Cosa c’è alla base di questo cambiamento? Certo una maturazione del settore tessile  che ha visto i limiti di una strategia focalizzata su un solo aspetto della sostenibilità senza che il mercato fosse in grado di apprezzarlo come dimostra la scarsa efficacia commerciale dell’equivalenza “fibra biologica o second life = impresa green”. Ma forse la risposta chiama in causa i nuovi scenari in cui  l’industria  della moda opera oggi.

Ci riferiamo in particolare alla pressione esercitata dai movimenti ambientalisti sui brand e tramite questi sui produttori di tessuti i quali devono, per rispondere ai propri clienti, operare a loro volta pressione  sui fornitori di materie prime, coloranti e ausiliari. Un effetto domino che va ben oltre le dinamiche commerciali della suppy chain introducendo un nuovo modello organizzativo in quella che Porter ha chiamato la catena del valore condiviso.

 

Il sistema controlla se stesso

Il modello organizzativo classico a cui ci ha abituato il sistema delle certificazioni prevede che un ente terzo sviluppi dei parametri e delle modalità di verifica e che le imprese interessate ad avvalersi di un determinato certificato vi si attengano ottenendo il diritto di utilizzare il logo  attestante l’avvenuta certificazione. Il controllo è cioè delegato all’ente terzo, almeno nelle certificazioni di tipo I.

Il modello messo in campo da  Detox  da questo punto di vista è davvero rivoluzionario. Posto un obiettivo (ambizioso) cioè l’eliminazione di 11 classi di sostanze chimiche tossiche, l’impegno assunto e il corretto comportamento dell’azienda nel mantenerlo non sono oggetto di verifica ispettiva da parte di chicchessia ma affidati al controllo del cliente sul fornitore ma nel contempo potenzialmente esteso a chiunque ritenga di volerlo esercitare. Come noto i dati tecnici dell’azienda che sottoscrive Detox, i suoi fornitori, perfino i test di laboratorio sono visibili sul sito aziendale, in piena trasparenza. Il che fa si che siano gli attori stessi a controllare il sistema, non vi sia cioè delega ad un ente superiore.

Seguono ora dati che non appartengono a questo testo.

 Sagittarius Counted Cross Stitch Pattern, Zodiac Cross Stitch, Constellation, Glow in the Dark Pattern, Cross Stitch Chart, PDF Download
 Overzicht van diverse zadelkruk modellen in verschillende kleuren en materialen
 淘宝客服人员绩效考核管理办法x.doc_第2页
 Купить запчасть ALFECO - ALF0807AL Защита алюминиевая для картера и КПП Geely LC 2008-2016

Alla base di questo meccanismo vi sono due importanti assunti.

-          il valore di un’azienda è soprattutto nella sua reputazione, la correttezza delle informazioni rese, il coraggio espresso nell’assunzione di impegni destinati a migliorare la qualità dell’ambiente e la vita delle persone, i risultati ottenuti (ma anche i limiti e le difficoltà dichiarati) ne sono parte integrante,

-          a differenza di quanto avveniva in passato oggi esistono potenti strumenti di condivisione e di controllo. Può piacere o meno ma innegabilmente web e social network hanno cambiato il modo di esprimere la partecipazione e il controllo sociale con effetti che possono essere virtuosi o meno a seconda della reputazione degli attori  che li agiscono. Vale  per la politica e per le discussioni amene, vale per l’economica e vale per l’industria della moda non immune da questi nuovi fenomeni come alcune pressioni dell’opinione pubblica su brand a proposito di argomenti sensibili come l’animalismo e  l’anoressia hanno recentemente dimostrato.

  

Il nuovo ruolo dell’industria chimica

Da sempre abituata a dover difendere la propria reputazione dagli attacchi ambientalisti la chimica oggi sembra ben intenzionata a giocare a pieno  titolo il suo ruolo.

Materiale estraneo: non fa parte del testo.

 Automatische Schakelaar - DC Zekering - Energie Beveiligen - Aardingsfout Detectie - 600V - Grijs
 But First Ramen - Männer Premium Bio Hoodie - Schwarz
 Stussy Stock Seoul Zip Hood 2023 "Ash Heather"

Lo fa investendo in ricerca ed interpretando la richiesta di coloranti e ausiliari privi di determinate sostanze come un’opportunità di espansione commerciale. Ma soprattutto sembra ben comprendere il valore informativo e garantista che può offrire ai propri clienti vendendo insieme alle formulazioni chimiche “sicure” un servizio reputazionale di cui i clienti possono avvalersi acquisendo più potere competitivo nella filiera.

Non si spiegherebbero altrimenti le positive list esposte sui siti delle multinazionali della chimica tessile. Un fenomeno sulla cui positività non nutriamo dubbi.

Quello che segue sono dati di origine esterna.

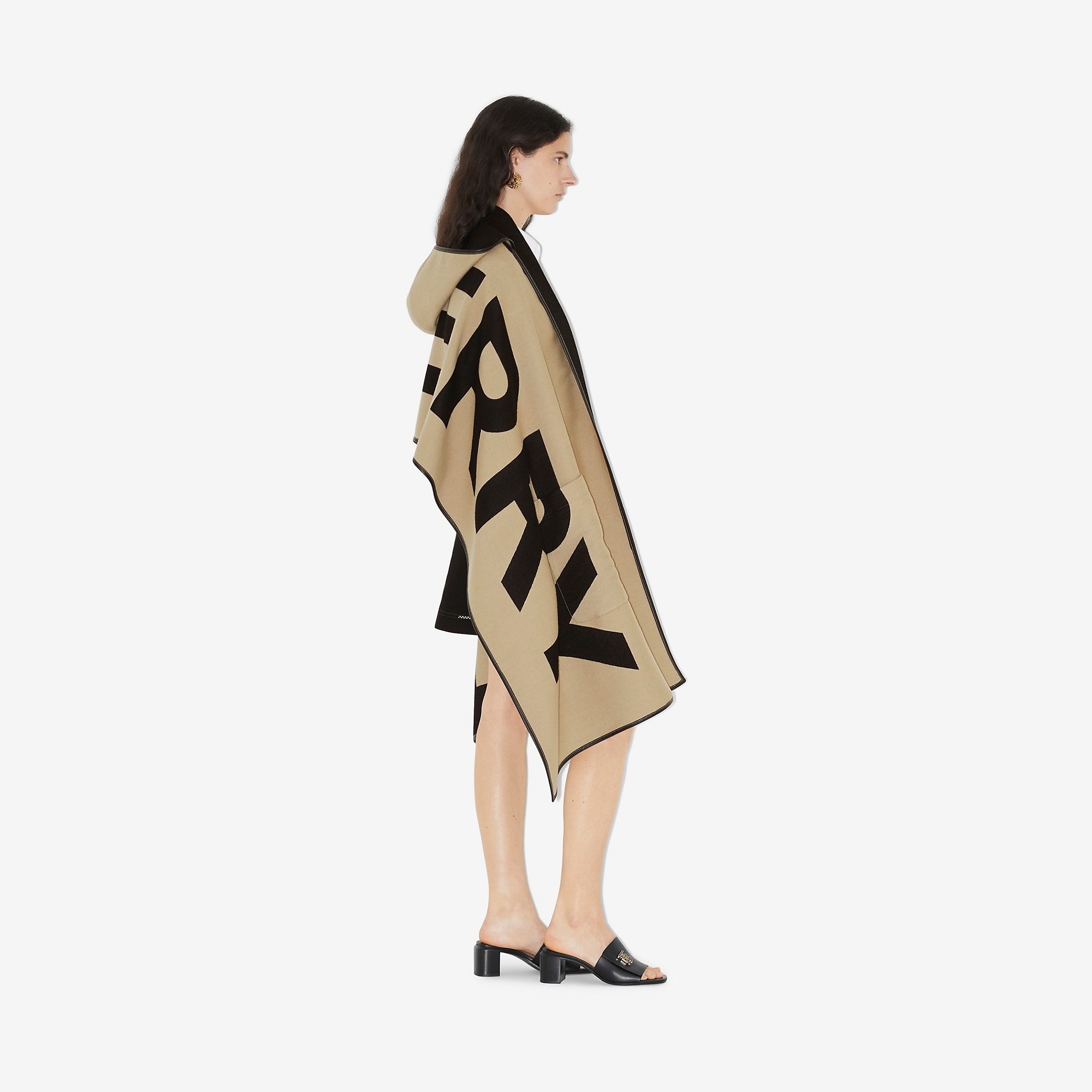 Logo Wool Cotton Jacquard Hooded Cape - 3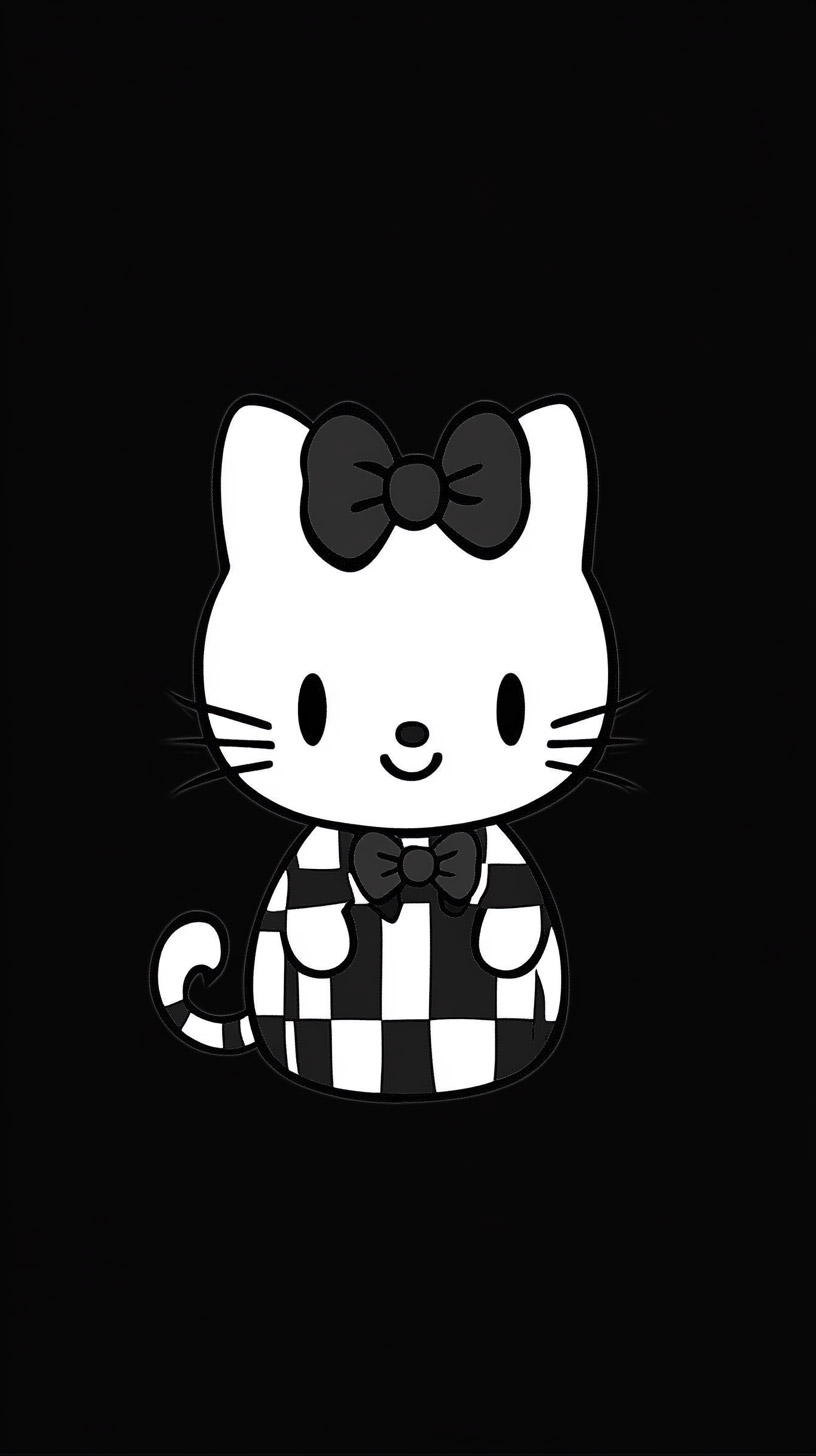 Stunning Black and White Hello Kitty Mobile Wallpaper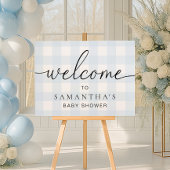 Blue Gingham Welcome Sign ポスター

Il modello Detox sarà solo una moda passeggera?

Noi crediamo di no. Cambieranno gli input e gli obiettivi (alle 11 classi di oggi se ne alterneranno altre tra 10, 20 anni), cambieranno i soggetti proponenti -i brand e gli stakeholders- ma il processo è avviato.

Dalla democratizzazione del lusso alla democratizzazione del controllo. E i vantaggi sull’ambiente e sulla salute delle persone saranno visibili, forse lo sono già.